Je fus immédiatement conquis par son désir de cinéma et par son arrogance quand il me disait "T’inquiète, je sais jouer." Dès les premiers essais, je me rendis compte que Mehdi n’avait pas menti, non seulement il jouait juste, mais il possédait une énergie et une intelligence de jeu peu communes. Dans les improvisations, Mehdi avait une imagination foisonnante; à chaque prise, il apportait quelque chose de nouveau et d’original.

Sa dégaine, ses yeux vifs et pétillant, son humour particulier et son terrible sens de la répartie, imposèrent Mehdi comme un acteur incontournable pour ma distribution.


Pendant deux ans, je suivis son parcours, je devrais dire sa chute annoncée. Chaque mois, son père me faisait le compte-rendu de ses nouvelles bêtises, si bien que je me demandais si j’allais pouvoir compter sur lui pour le tournage. Le plus dur fût de lui faire admettre qu’il devait, s’il voulait tourner, accepter de participer à un atelier pendant tout le mois d’août 2007.

Mehdi ne comprenait pas l’utilité de venir tous les jours pour faire des exercices et répéter des scènes du film. Il trouvait ce travail inutile, lui qui savait déjà jouer. Le plus difficile pour lui c’était de se lever tôt le matin et de passer toute la journée enfermé avec des jeunes gitans pour répéter des scènes d’un hypothétique film qu’il ne voyait pas venir.
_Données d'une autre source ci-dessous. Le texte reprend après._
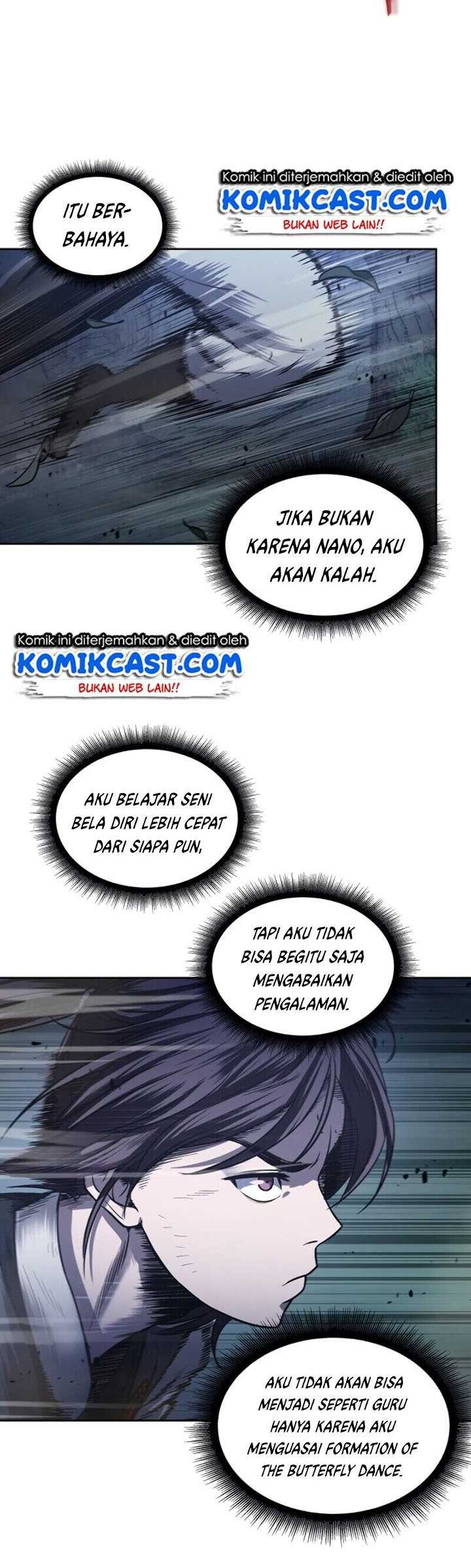 Nano Machine Chapter 21 page 10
Je ne vais pas vous dire que l’atelier fût une partie de plaisir, cela serait vous mentir, mais je peux vous affirmer que, sans ce travail préliminaire, jamais je n’aurais pu tourner mon film comme je l’ai fait. Sans le savoir, Mehdi m’aida énormément. Chaque jour je m’inspirais de son langage, de sa manière de parler, de jouer dans les scènes. Je dois vous avouer qu’il m’arrivait souvent d’avoir envie de l’étrangler, de le renvoyer et de trouver quelqu’un d’autre, tellement il était difficile de le diriger.

Aujourd’hui quand je vois Rachitique dans ma salle de montage, je me félicite de ne pas avoir craqué, sans lui mon film ne serait pas le même.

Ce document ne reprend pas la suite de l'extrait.